“Tokens are the new commodity,” said Nvidia CEO Jensen Huang, clad in his iconic leather jacket, at the company’s flagship GTC conference in San Jose.
While Nvidia is shaping the rules of a new token economy, a parallel debate is emerging globally around “token exports.” AI-generated intelligence is becoming a tradable good measured in tokens—and nations are positioning themselves across the stack: energy, compute, models, and output.
What’s Actually True
The per-token narrative is both true and completely misleading.
Enterprise data shows the average cost per million tokens has dropped from roughly $10 to $2.50 in a year. Since GPT-3, prices have fallen nearly 600-fold. Models like Gemini 2.0 Flash now deliver capabilities that cost $60 per million tokens in 2023—for as little as $0.10 per million tokens.
Then the invoice arrives. And it’s higher than last quarter.
This is not theoretical. It is happening across enterprises. The reason: consumption patterns have changed more dramatically than prices have fallen.
Cheaper tokens didn’t just reduce cost—they unlocked entirely new usage. Instead of selective, high-value queries, organizations now route entire workflows through AI: emails, summaries, code review, documentation, customer support—running continuously.
Total token consumption has increased by factors that overwhelm price reductions.
The Core Mechanism: Token Deflation ≠ Cost Deflation
Cost per token ↓
Tokens per task ↑↑↑
Total cost ↑
True cost is not unit price—it is total consumption per outcome. Hidden reasoning tokens, multi-step inference, and context expansion make per-token comparisons misleading.
A “simple” response priced at $0.01 may internally consume tens of thousands of reasoning tokens—turning into a $50 computation hidden behind a one-cent interface.
Meanwhile, inference has grown to over 60% of total compute across major providers.
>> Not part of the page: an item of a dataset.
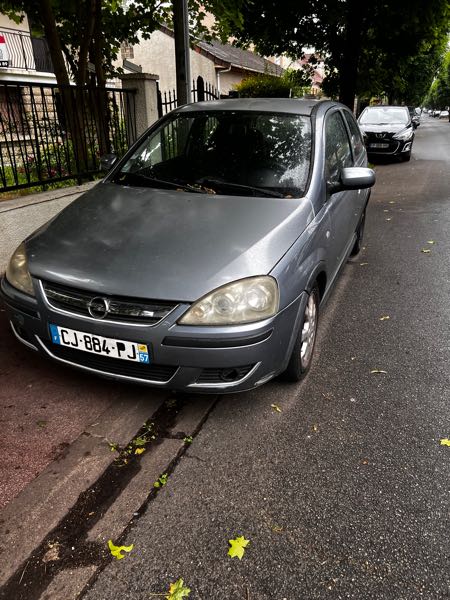 Opel Corsa Bonjour, je vends Opel corsa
Capital expenditure is exploding: Alphabet alone is projected to spend $175–185 billion in 2026. These are not signs of a solved cost equation—they signal demand outpacing efficiency.
Token Explosion (Hidden Compute Growth)
- Chain-of-thought reasoning
- Agents and tool use
- RAG pipelines and retrieval loops
A single request now:
- calls multiple models
- generates hidden reasoning tokens
- loops across tools and agents
1 request is no longer 1 request.
Jevons Paradox: Efficiency Drives Consumption
When something becomes cheaper → people use more of it
Applied to AI:
- Cheaper tokens → more features
- More features → more queries
- More queries → higher total spend
This is already visible: massive cost reductions have led to multiplicative increases in usage, not savings.
Capability-Driven Demand Inflation
Better models don’t reduce usage—they create new workloads:
- Agents → autonomous loops
- Copilots → continuous background execution
- Enterprise AI → embedded everywhere
In some cases, AI usage bills now rival or exceed employee costs. Token consumption is scaling toward trillions per day.
Cost per Token vs Cost per Outcome
Most organizations think:
“Model is cheaper → costs go down”
Reality:
“Model is more capable → it does more work → cost per task increases”
Even cheaper models can cost more due to unpredictable reasoning token usage and execution paths.
The Specific Mechanism
Jevons Paradox applied to compute: efficiency expands the use-case universe faster than cost declines.
Hidden token multiplier: reasoning, planning, and verification consume tokens invisible to users.
Multi-agent cascade: one task triggers chains of model calls, multiplying token usage.
A task that once used 1,000 tokens can now consume 50,000+ tokens in an agent-based system.
Agents Compound Token Usage
- Planning
- Verification
- Retries
- Tool calls
One query can become 10–100 model calls.
The Reasoning Premium
- Advanced reasoning models cost significantly more
- They also consume more tokens per response
Better does not mean cheaper.
Infrastructure Sets a Cost Floor
Even with falling token prices:
- GPU costs
- Energy consumption
- Data center CAPEX
…prevent costs from approaching zero.
Pricing ≠ Reality
Real cost = tokens × model behavior
And behavior is stochastic, variable, and difficult to predict.
The Deeper Shift: AI as a Consumption Economy
Old software model:
- Fixed subscription cost
- Predictable usage
New AI model:
- Variable cost (per token)
- Unbounded usage
AI is becoming closer to:
- Cloud compute
- Electricity
- API consumption at scale
What Needs to Exist
Total Cost of AI Ownership (TCOAI) frameworks must emerge.
These should include:
- Visible tokens
- Hidden reasoning tokens
- Agent orchestration overhead
- Human review costs
- Error and failure costs
- Infrastructure amortization
The same discipline that created FinOps for cloud must now exist for AI.
The organizations that understand this early will have a structural advantage. The rest will keep discovering the same thing—AI is getting cheaper, and their bills are still rising.